The lower margins of Glenorchy showing inundation from Lake Wakatipu on November 19, 1999. Photo...
The lower margins of Glenorchy showing inundation from Lake Wakatipu on November 19, 1999. Photo by ORC.
The Otago Regional Council (ORC) will meet Glenorchy and Cardrona Valley residents soon to discuss concerns of increasing risk of exposure to surrounding natural hazards.

Reports from detailed ORC investigations carried out last year into the natural hazards in Glenorchy and the Cardrona Valley said as the populations and resulting demand for development increased, so too did residents' vulnerability to surrounding hazards.

"Places that have more things that can be affected can have higher risk," ORC environmental engineering and natural hazards director Gavin Palmer said.

Cardrona Valley residents were exposed to hazards including flooding, sedimentation and erosion.

The Glenorchy township was at risk of inundation from high lake levels, as in the November 1999 flood, as well as debris flows and flooding from the Buckler Burn, Bible Stream and the Rees and Dart rivers, the reports said. For both areas, mass movement and seismic hazards generated by earthquakes had the potential to affect residents and infrastructure, such as access routes, that the wider community depended upon.
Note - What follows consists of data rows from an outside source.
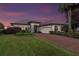 Elegant one-story home with brick driveway and landscaping at 38626 Lakeview Walk, Lady Lake, FL 32159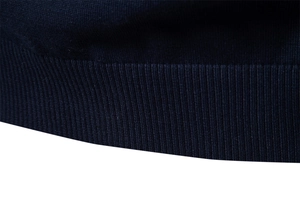 Gros plan détaillé de l'ourlet côtelé bleu foncé sur un pull en tricot pour homme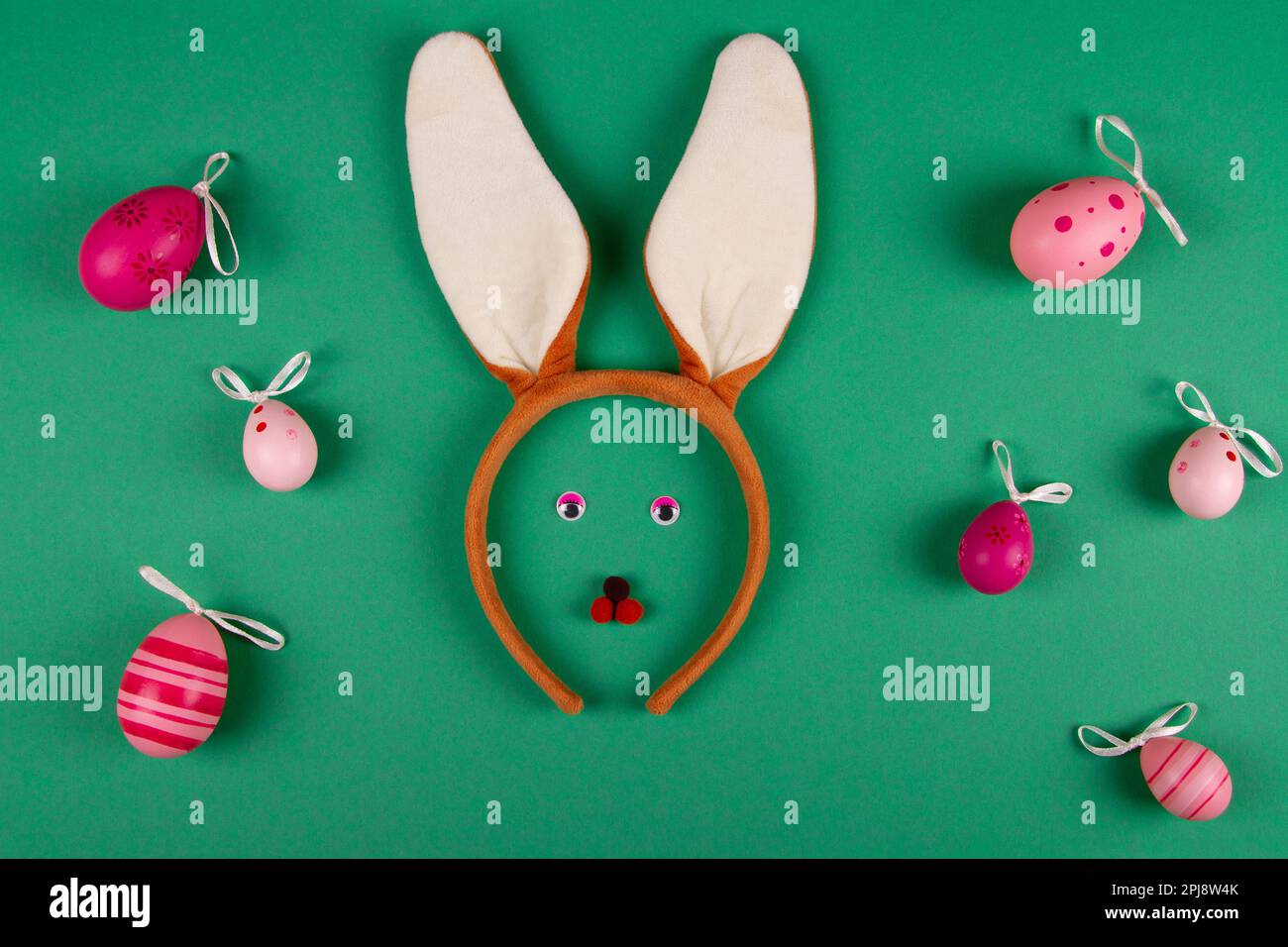 Décor vert humoristique sur le thème de Pâques orné d'œufs roses et d'un petit lapin Banque D'Images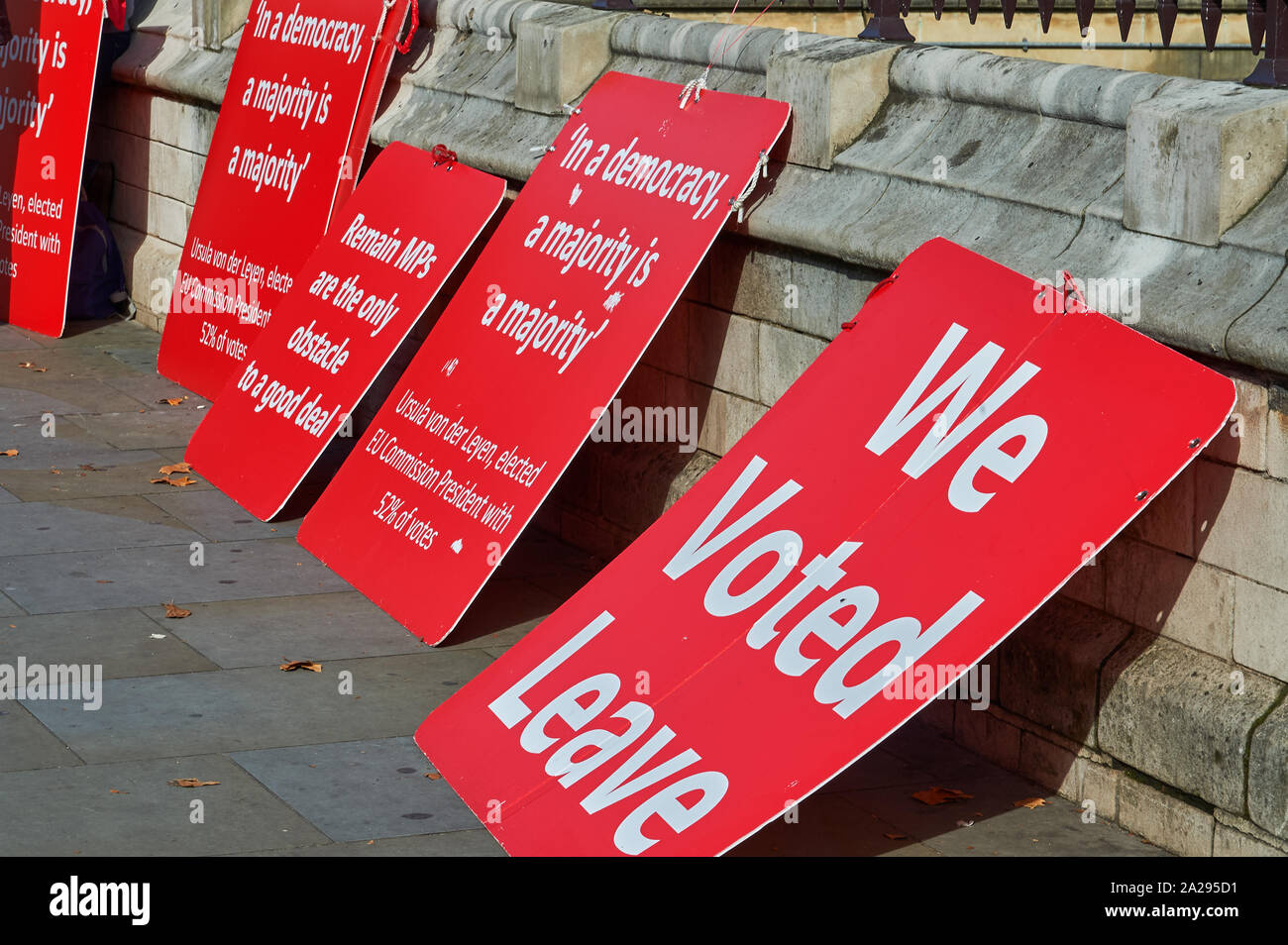 Placards in favour of leaving the European Union leaning against a wall outside the UK parliament building. Stock Photo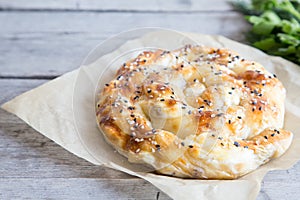 Vertuta, traditional Romanian, Moldavian or Balkan baking pie. Spiral filo pastry pie photo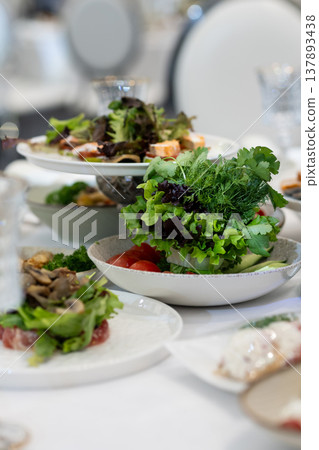 Elegant Restaurant Table Setting with Glasses and Plates. Salad Elegant Restaurant Table Setting with Glasses and Plates. Salad 137893438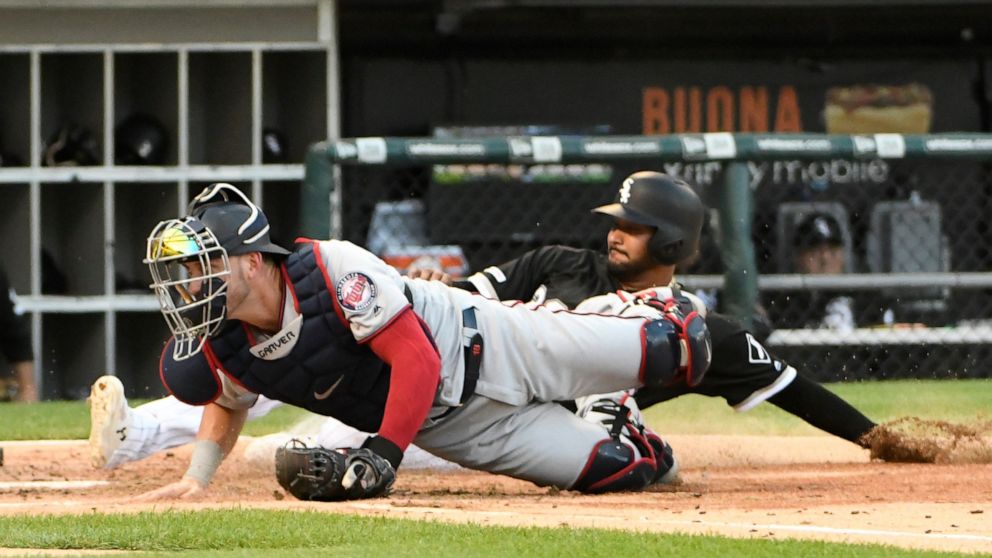 Chicago White Sox's Jose Rondon, back, is safe at home as Minnesota Twins catcher Mitch Garver, front, can't handle an errant throw during the second inning of a baseball game, Saturday, July 27, 2019, in Chicago. (AP Photo/David Banks)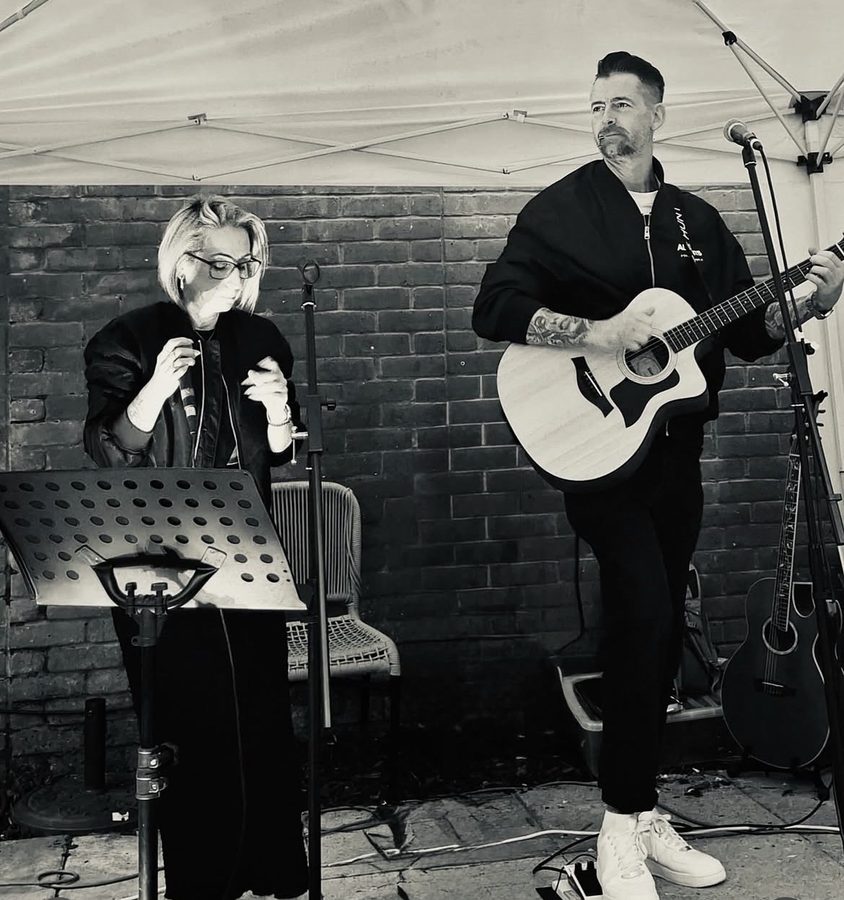 Vix and DS playing an outdoor gig under a gazebo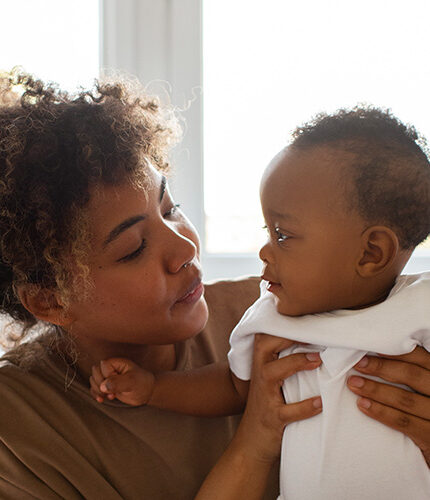 mom holding baby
Mr Palmer said the hazard studies would be presented soon at community meetings, although dates were still to be confirmed.

The Glenorchy and Cardrona Valley studies were part of a "planned programme of investigations of places where such information would be valuable", he said.

"The setting of both of these places is such that there are multiple hazards of varying degrees and there are people living there now and people going to live there ... it's about preparing information to help inform decisions by people about where and how they live ... that's primarily what the community meetings will be about."

Mr Palmer said the investigations also involved drawing together information that had been published previously and providing the public with an overview. For example, in Glenorchy, the Rees and Dart river deltas were gradually extending into Lake Wakatipu and research from the University of Canterbury was giving a better understanding of how the deltas would continue to change.

The reports noted climate changes could also affect the frequency and magnitude of flood hazards in the two communities.

"Other PhD work that's been undertaken for the ORC has shown that we can expect precipitation in the western part of Otago to increase and we've also been seeing a trend of an increasing level of Lake Wakatipu."

Providing information on communities' vulnerability to natural hazards was not just useful for residents and people who visited or operated businesses there, but also for territorial authorities which had to make planning decisions on land use, Mr Palmer said.